Охваченный любопытством, Итан подошел к автомобилю поближе. Когда он наклонился к окну, стекло опустилось, и он увидел огромное лицо.
— Куда-нибудь подбросить?
Шофер был чернокожим, могучего телосложения, лицо выбрито, кожа лоснилась. Правый глаз был незрячим, и закрывавшее его веко придавало таксисту меланхолический вид.
Итан попятился, удивленный неожиданным предложением.
— А вы работаете?
— Можно и так сказать.
Терапевт заколебался. Предложение казалось заманчивым: он ни в коем случае не собирался два часа дожидаться аварийки, а, по счастью, «Мазерати» стоял в таком месте, что совершенно не мешал движению. В конце концов, он открыл дверь желтой машины и устроился на заднем сиденье.
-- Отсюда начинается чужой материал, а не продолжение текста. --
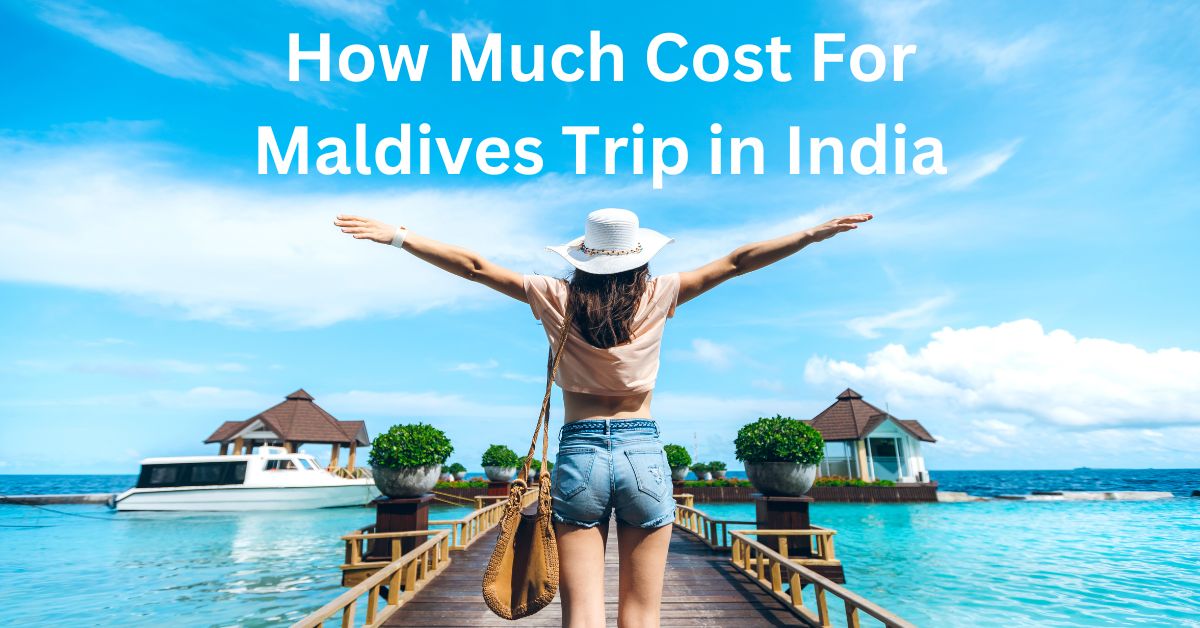 How Much Cost For Maldives Trip in India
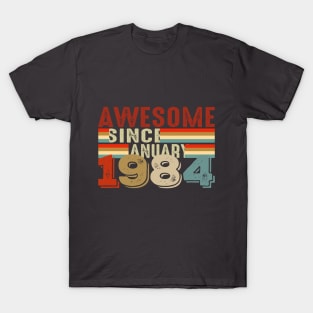 awesome since january 1984 T-Shirt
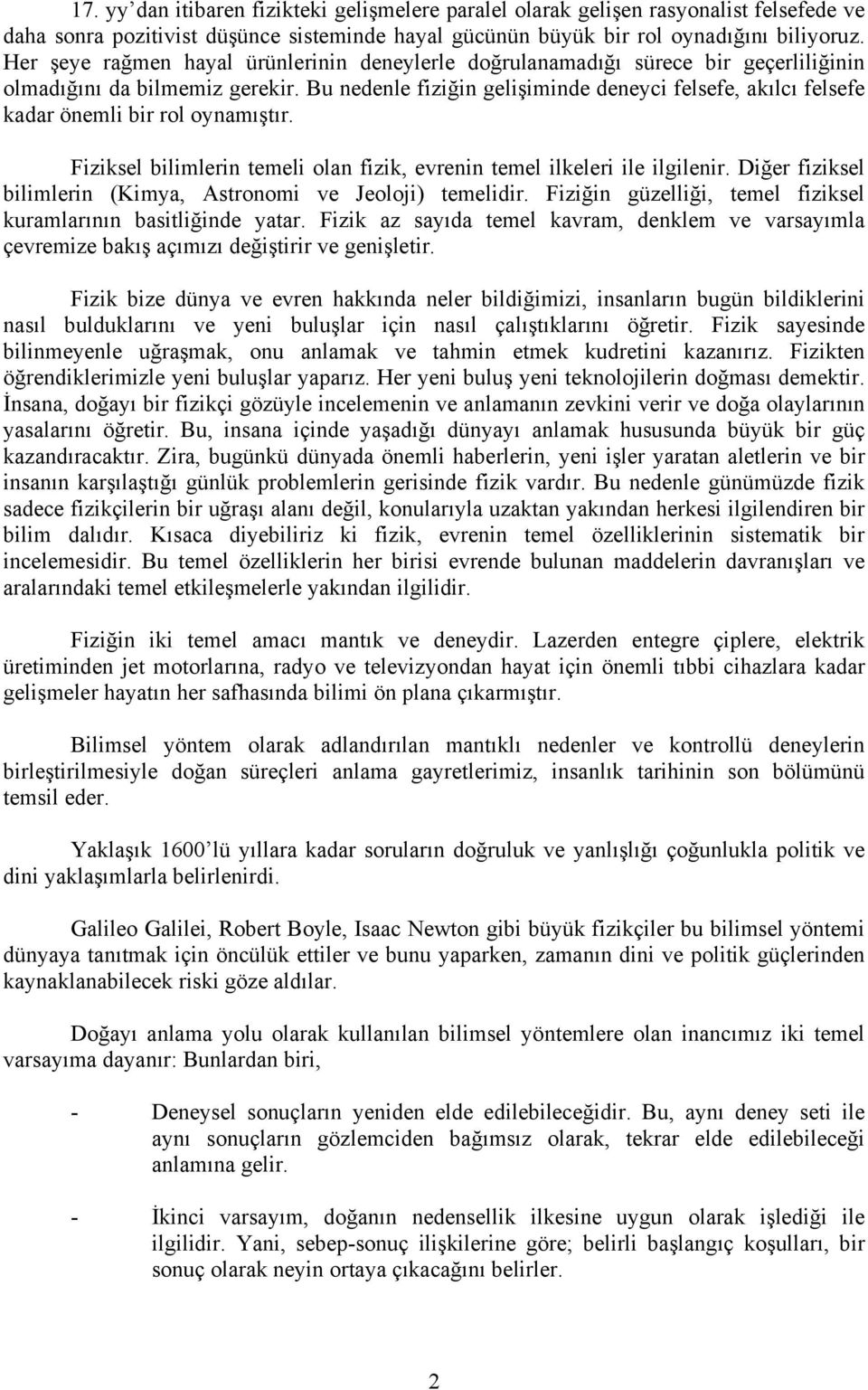 Bu nedenle fiziğin gelişiminde deneyci felsefe, akılcı felsefe kadar önemli bir rol oynamıştır. Fiziksel bilimlerin temeli olan fizik, evrenin temel ilkeleri ile ilgilenir.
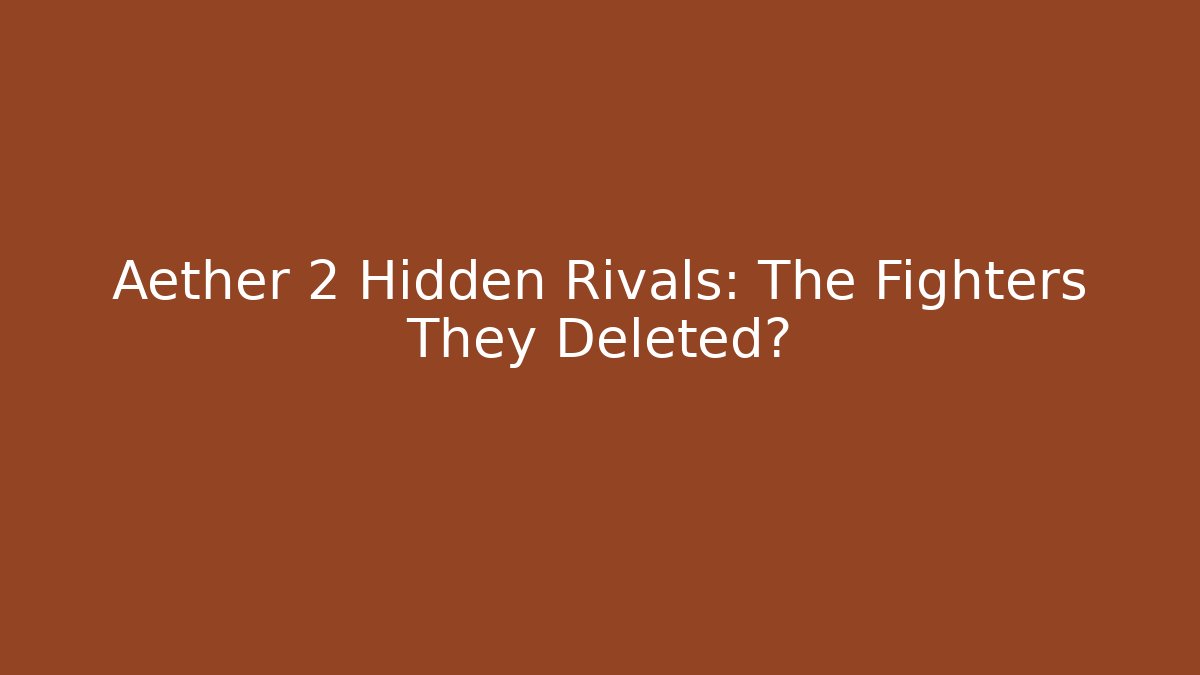 Aether 2 Hidden Rivals: The Fighters They Deleted?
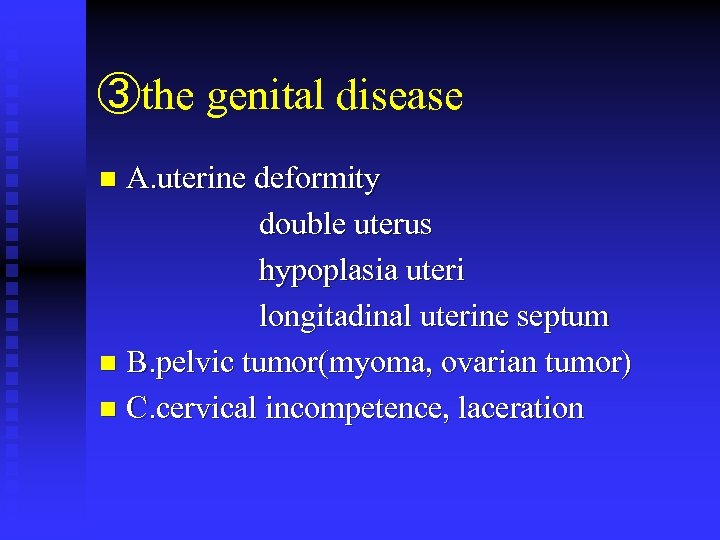 ③the genital disease A. uterine deformity double uterus hypoplasia uteri longitadinal uterine septum n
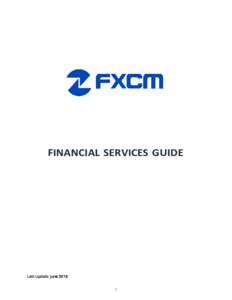FINANCIAL SERVICES GUIDE  Last Update: June  FINANCIAL SERVICES GUIDE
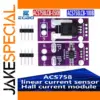 Linear Hall Current Sensor Module ACS758LCB-050B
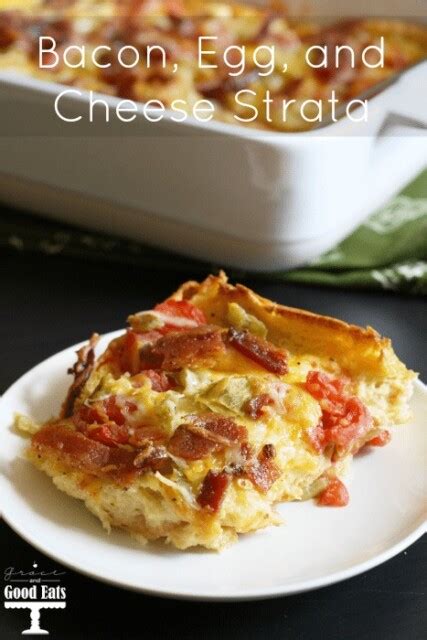 Bacon Egg And Cheese Strata Grace And Good Eats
Таксист тронулся с места, даже не спросив, куда ехать.
* * *Как только Итан понял, что в такси нет счетчика, он спросил себя, в какую передрягу опять ввязался. Как и любой житель Нью-Йорка, он слышал о том, как в нелегальных такси грабят туристов, но сомневался, что это тот самый случай: несмотря на телосложение как у регбиста, этот таксист почему-то казался странно кротким.
— Тяжелый день? — спросил он, поглядев на Итана в зеркало заднего вида.
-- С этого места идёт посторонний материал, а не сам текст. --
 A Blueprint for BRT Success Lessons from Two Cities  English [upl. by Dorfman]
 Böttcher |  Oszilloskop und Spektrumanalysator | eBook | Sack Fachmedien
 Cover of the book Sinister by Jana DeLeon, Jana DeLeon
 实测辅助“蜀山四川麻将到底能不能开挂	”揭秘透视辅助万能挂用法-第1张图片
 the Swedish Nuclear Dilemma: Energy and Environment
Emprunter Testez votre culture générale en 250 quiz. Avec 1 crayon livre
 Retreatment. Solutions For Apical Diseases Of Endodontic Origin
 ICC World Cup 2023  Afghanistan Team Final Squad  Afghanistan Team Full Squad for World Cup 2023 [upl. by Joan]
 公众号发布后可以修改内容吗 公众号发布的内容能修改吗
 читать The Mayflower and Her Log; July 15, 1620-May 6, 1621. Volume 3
— Уф… да, хуже некуда, — признался Итан, растерявшись. И внимательнее вгляделся в шофера. Как у Роберта Митчема в фильме «Ночь охотника», на каждой руке у него были татуировки, на пальцах синели буквы LOVE и FATE,[12] видимо, судьба у него была непростая. На лицензии таксиста, прикрепленной к спинке сиденья, можно было прочесть его имя — Кертис Нэвилл — и то, откуда он родом, — из Бруклина.
— Вы в этом вообще не виноваты, — вдруг произнес он ободряющим тоном.
— В чем?
— В самоубийстве девочки.
Итан вздрогнул.
— Вы о чем?
— Вы сами прекрасно знаете.
— Вы… вы видели меня по телевизору, да? — спросил терапевт, вспомнив убегающего оператора. — Уже успели показать!
Кертис уклонился от прямого ответа.
— Нельзя противостоять естественному ходу событий, — пробормотал он. — Нельзя ничего сделать со смертью и предотвратить ее.
Итан вздохнул, даже не пытаясь возражать. И глянул на зеркало заднего вида — свисавшие с него четки из серебра и перламутра тяжело покачивались в такт движению машины.
— Делать вид, что борешься с судьбой, — это просто иллюзия, — продолжал чернокожий.
Итан покачал головой и опустил стекло, чтобы глотнуть немного воздуха. Не первый раз ему приходилось выслушивать излияния просветленного. Главное — просто не дать втянуть себя в эту игру.
— Мне кажется, что судьба этой девочки была умереть, — опять заговорил шофер. — Я думаю, вы все равно не могли бы ее спасти, даже если бы и уделили ей больше внимания.
— То есть мы ни за что не отвечаем, так, что ли? — не удержался Итан, таким наивным показалось ему это рассуждение.
На этот раз Кертис немного подумал, прежде чем уверенно ответить:
— Я думаю, существует определенный порядок вещей. И этот порядок нельзя ни нарушить, ни отменить.
— Вы действительно верите, что все предначертано заранее? — не скрывая презрения, спросил Итан.
— Абсолютно. Время похоже на страницы в книге: вы читаете 51-ю, но 52-я и 53-я уже написаны.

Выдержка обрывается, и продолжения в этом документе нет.